Segment Open
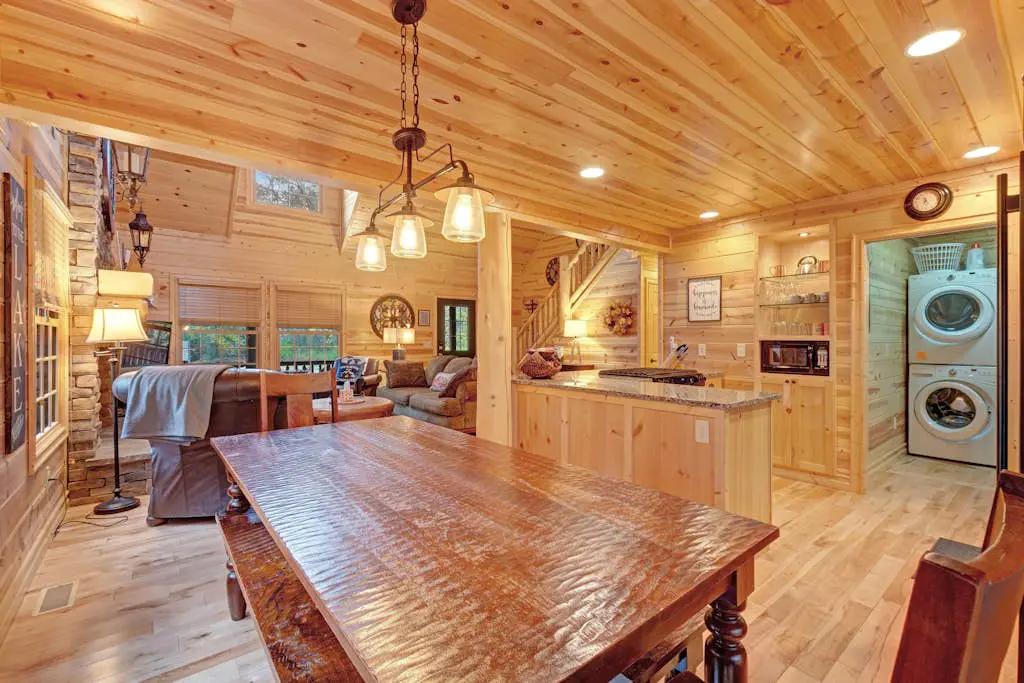 Kingfisher Cove Cabin 2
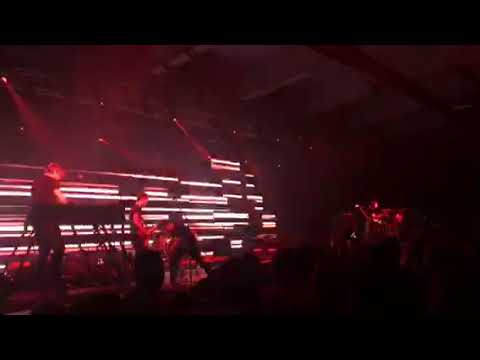 Tata bojs 30 Být či nebýt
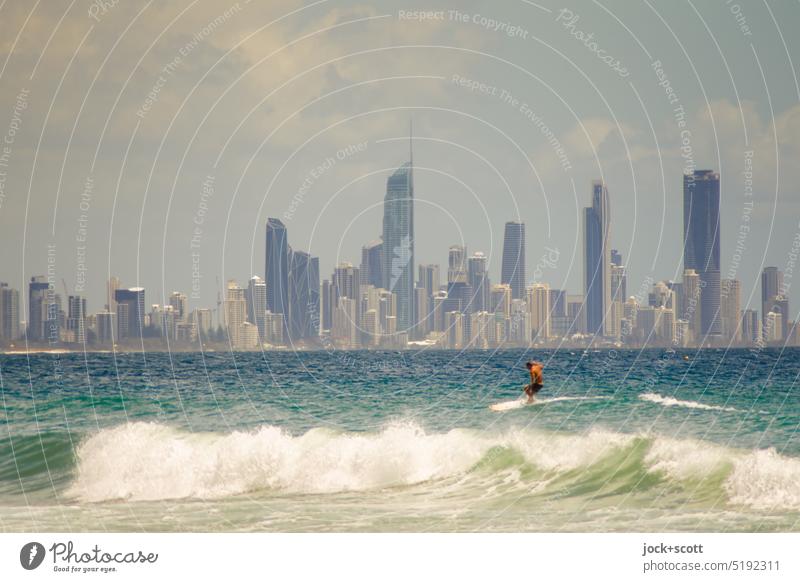 Gold Coast ist gut für Surfer mit der Skyline von Surfers Paradies Freizeit & Hobby Surfers Paradise Panorama (Aussicht) Australien Wassersport Surfen Ferne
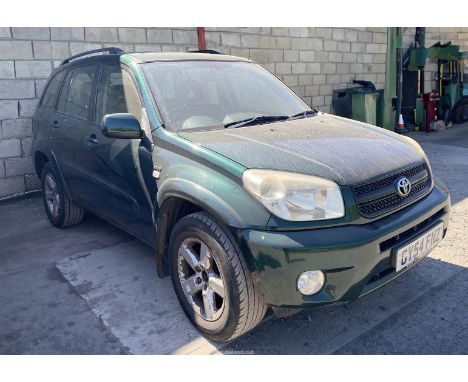 A 2004 Toyota RAV4 XT3 VVTI 1998 cc petrol All Wheel Drive 5 door with manual gearbox, finished in practical Metallic Green, 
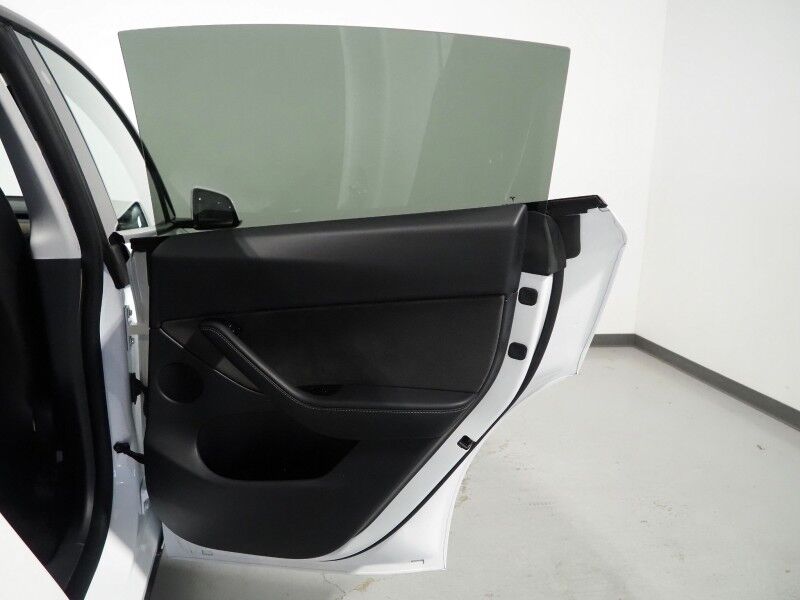 2020 Tesla Model Y Long Range AWD *FULL SELF-DRIVING ENABLED, TRAFFIC AWARE CRUISE CONTROL, NAVIGATION, SURROUND VIEW CAMERAS, PANORAMA GLASS ROOF, HEATED SEATS, BLUETOOTH PHONE & AUDIO Round Rock TX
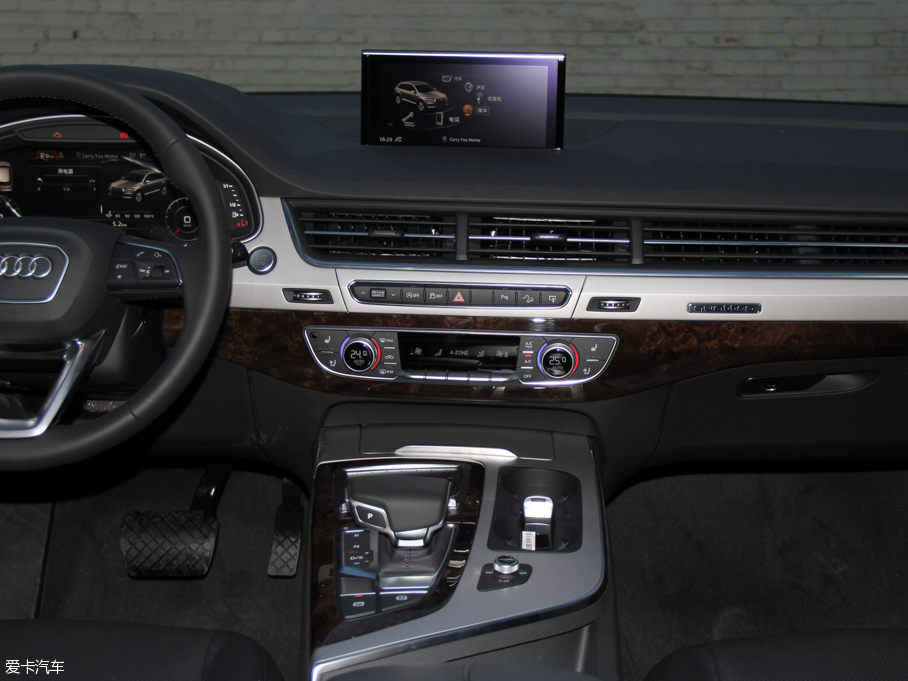 2016WQ7 45 TFSI S line\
Segment Closed
- Problem statement
In the records above, find the line containing "Tata bojs 30 Být či nebýt" and the line containing "Gold Coast ist", then give both of them again word for word along with every line between. Omit any pictures.

- Problem solution
 Tata bojs 30 Být či nebýt
 Gold Coast ist gut für Surfer mit der Skyline von Surfers Paradies Freizeit & Hobby Surfers Paradise Panorama (Aussicht) Australien Wassersport Surfen Ferne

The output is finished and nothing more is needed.